The changing face of compliance
When it comes to regulating an organisation’s use of technology, we’re involved in an evolutionary process. Take the General Data Protection Regulation (GDPR), which is to protect individuals’ privacy and only needs to exist because of the vast amounts of personally identifiable information (PII) that businesses obtain, store and use.
GDPR was necessary in part because older data protection acts in use across the world weren’t fit for how modern businesses collect and use personal data.
Expect more regulation to become apparent as technology evolves. One area to watch is the growth of artificial intelligence (AI). The European Parliament is very active in this space and plans to develop a legal framework for AI development and deployment. Don’t think about AI in just the sense of robots; the framework is likely to cover software powering machine learning, the algorithms used and data manipulation.
The European Parliament has adopted proposals on the approach it should take and has agreed that future laws will be made under several guiding principles: transparency and accountability, safeguards against bias and discrimination, right to redress, social and environmental responsibility, and respect for privacy and data protection. We can expect to see a legislative proposal relatively soon.
Importantly, a key strand of the European Parliament’s framework’s development is the desire to ensure that technological development isn’t stifled by regulation. On the other hand, regulation is needed. You only have to search for bias in facial recognition to uncover some quite profound issues with what is still a very early-stage technology.
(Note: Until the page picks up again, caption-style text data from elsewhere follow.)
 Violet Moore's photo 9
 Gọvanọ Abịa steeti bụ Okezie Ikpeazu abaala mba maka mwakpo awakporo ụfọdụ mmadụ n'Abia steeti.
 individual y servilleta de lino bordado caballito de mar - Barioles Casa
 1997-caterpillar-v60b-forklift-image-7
Data management a critical part of achieving compliance
It is difficult to argue against legislation in areas like PII and AI to protect fundamental human rights. Those that do should give it further consideration.
What matters most is that big and small leadership starts seeing this kind of legislation as enabling rather than stifling. The first step on this road is accepting that there will be more regulation to come as societal issues gain complexity in tandem with technology’s developing capabilities.
The next step is to take a long, hard look at the data life cycle in your organisation. Evaluate how you manage data across the entire organisation, throughout the process of acquisition, storage, manipulation, backup and archive, and eventual deletion.
To do this involves going back to the drawing board to unpick years of ad-hoc development that’s been the consequence of organisational growth, data sprawl, and potentially even acquisitions. Be prepared for it to be messy. You might find that a data protection audit and the management tools you need to use involve multiple platforms across different organisational teams that duplicate functions or are incompatible.
There might be silos that store data that could be useful to other parts of the organisation, if only they had access. Those silos might contain data that varies significantly – how do you know what’s the most up to date, what’s accurate and what’s not?
There might be multiple data storage and backup regimes, purchased from different providers, costing more than a streamlined service would cost. As I said, be prepared for an eye-opening experience.
Delivering additional business benefits
While getting your house in order to make compliance as easy as possible, an organisation can reap other benefits, both operational and financial. Eliminating data duplication means less storage infrastructure is required (on premises or cloud).
Backups take less time and can be done more regularly; restores are faster and easier because you know precisely what you need to restore and where it resides. Furthermore, solid archiving policies, including what to archive, when to archive, and how long archives should be kept before deletion, will help with data storage and finding archived data later on.
And finally, regularising data storage, backup and restore, putting the management of all of these in the hands of a single provider, will result in efficiencies and improved return on investment.
We can’t predict the future, but we do know three things. Regulations aren’t going to disappear, and customers have become more aware of who they do business with, and consumers are increasingly knowledgeable about their privacy and rights. This puts pressure on an organisation to demonstrate its data protection posture to win its customers’ loyalty. Mature organisations work proactively to inform, educate, and assure customers of their data protection measures.
Changing management’s view of compliance can have a flow-on effect for an entire business. Rather than being viewed as a tedious chore, it can become part of a wider push for improved organisational functioning. Compliance can actually deliver business benefits.
Derek Cowan is a director, systems engineering – APAC at Cohesity.